A Hero

A Hero

Original title or aka: Ghahreman

Director: Asghar Farhadi
Starring: Amir Jadidi, Mohsen Tanabandeh, Sahar Goldust, and Maryam Shahdaei
Distributor: Hi Gloss Entertainment
Runtime: 128 mins. Reviewed in Jun 2022
Reviewer: Peter W Sheehan
| JustWatch |
Rating notes: Mild themes, violence and coarse language

This Iranian film tells the story of a man in Iran who was imprisoned for a debt he couldn’t pay, and he tries to convince his accuser to withdraw his complaint. It was awarded the Grand Prix at the Cannes Film Festival in 2021.

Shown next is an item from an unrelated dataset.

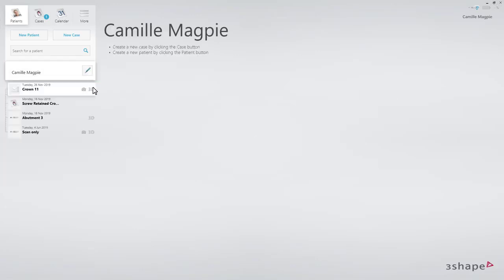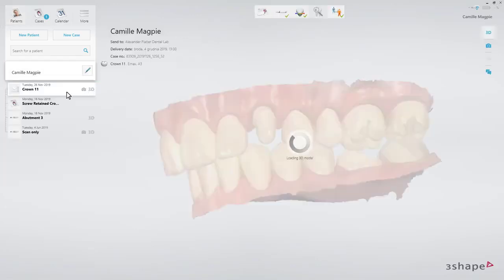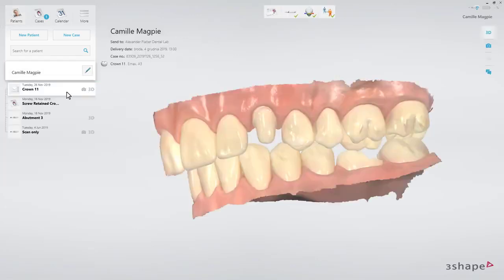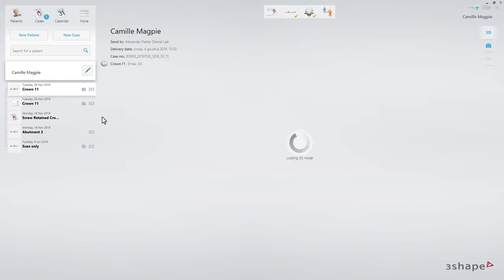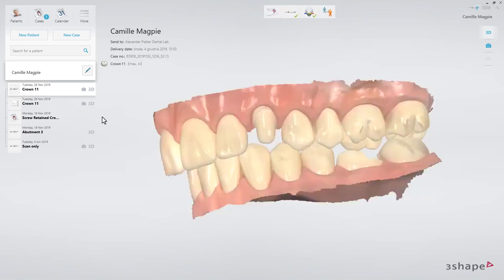Start with a case that has already been sent to a lab. Firstly, right-click on the order and select Copy. The copied order will now have a scanner icon, and the send page is not marked with a green checkmark. Also, the order has a new ID, as it is in fact a new separate order.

The film is about a man who took steps to return a bag of gold coins found while he was on leave from a debtor’s prison in the city of Shiraz, Iran. Director Farhadi won the Grand Prix at the 2021 Cannes Film Festival for the film, as well as being awarded Best Original Screenplay by the National Board of Review.

Farhadi is a director of great distinction, who shot to international fame with his film, A Separation, which won the Ecumenical prize and the Best Film award at the Berlin Film Festival in 2011. He is now the most famous figure in Iranian cinema. The film is complex and offers viewers an intricate and complex moral tale. It covers issues related to personal conscience, family allegiances and recriminations, as well as personal loyalty and betrayal. Farhadi has an extraordinary capacity to portray real-life conflicts, and family dynamics in minute detail. His films typically motivate viewers to become emotionally involved in the fates of the people involved. Plots typically communicate family environments in which humanity, or the absence of it, plays out in detail.

In this film, Rahim Soltani (Jadidi) has been imprisoned for a debt he cannot pay. Under Iranian law, Rahim can be freed only if he pays off the debt, or the person he owes ‘forgives’ the debt. Rahim is released from prison for a two-day period to settle the debt to his brother-in-law, Bahram (Tanabandeh). Bahram, however, is not inclined to forgive the debt. Farkondeh (Goldust), Rahim’s girlfriend, finds a lost handbag with 17 gold coins in it, and she and Rahim plan to use the coins to pay off the debt. The coins are not enough, however, and the debt cannot be paid in full. Rahim’s sister, Malileh (Shahdaei), entreats Rahim to find the handbag’s true owner and return the bag and its coins. When it becomes known that he has taken steps to find the original owner, Rahim becomes a celebrity, and arrangements are made for Rahim’s release from prison. Because of his actions, Rahim becomes ‘the talk of the neighbourhood’, television and the media pursue him, and a charity organisation tries to raise money on his behalf. Then, things go wrong.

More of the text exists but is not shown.